If $M$ is a maximal ideal of a commutative ring R, then $R/M \cong R_M/M_M$, where $R_M$ is the localization of $R$ at $M$.
We know that localization commutes with taking quotients, so $R_M/M_M = (R/M)_M$. If $a \in R/M$, then we obviously have $a \in (R/M)_M$.
Now let $a/b \in (R/M)_M$. We know that $a \in R/M$. Also, since $b \not\in M$ and since $R/M$ is a field, $1/b \in R/M$. So $a/b \in R/M$. Then we get $R/M = (R/M)_M = R_M/M_M$. So I'm not really sure why the question says "isomorphic" and not "equal". Did I miss something?
Both equalities are just shorthand for "isomorphic". So, when we write $(R/M)_M =R_M/M_M$ we actually mean $(R/M)_M \cong R_M/M_M$.
Formally, this is a dangerous notation because there is a difference between $\cong$ and $=$. However, similar to the common joke stating that a topologist can't tell a mug from a doughnut, an algebraist is often only interested in the module structure of the considered object. If the structure is the same due to a canonical isomorphism, one sometimes writes $=$ instead of $\cong$.
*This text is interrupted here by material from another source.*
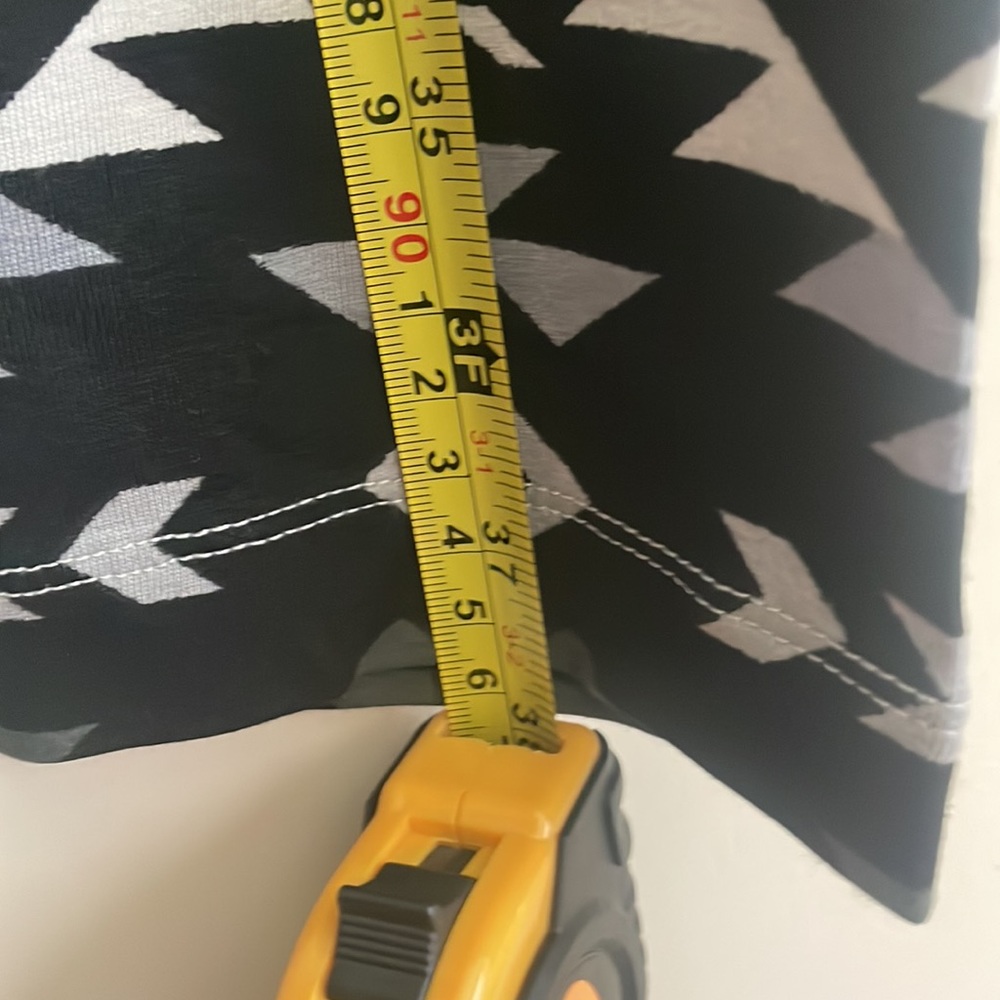 NWOT- Old Navy Women's High-Rise Leggings - Picture 4 of 6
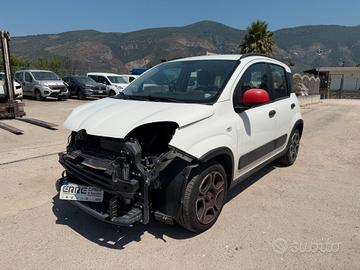 FIAT PANDA 2022 1.0 HYBRID 70 CV *MARCIANTE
In your case, $(R/M)_M \cong R_M/M_M$ is canonically given by $(a+M)/b \mapsto a/b +M_m$ for $a \in R$,$ b \in R\setminus M$. However, the elements of $(R/M)_M$ are not physically contained in $R_M/M_M$ meaning that $(R/M)_M=R_M/M_M$ does not hold in the set theory interpretation of the symbols.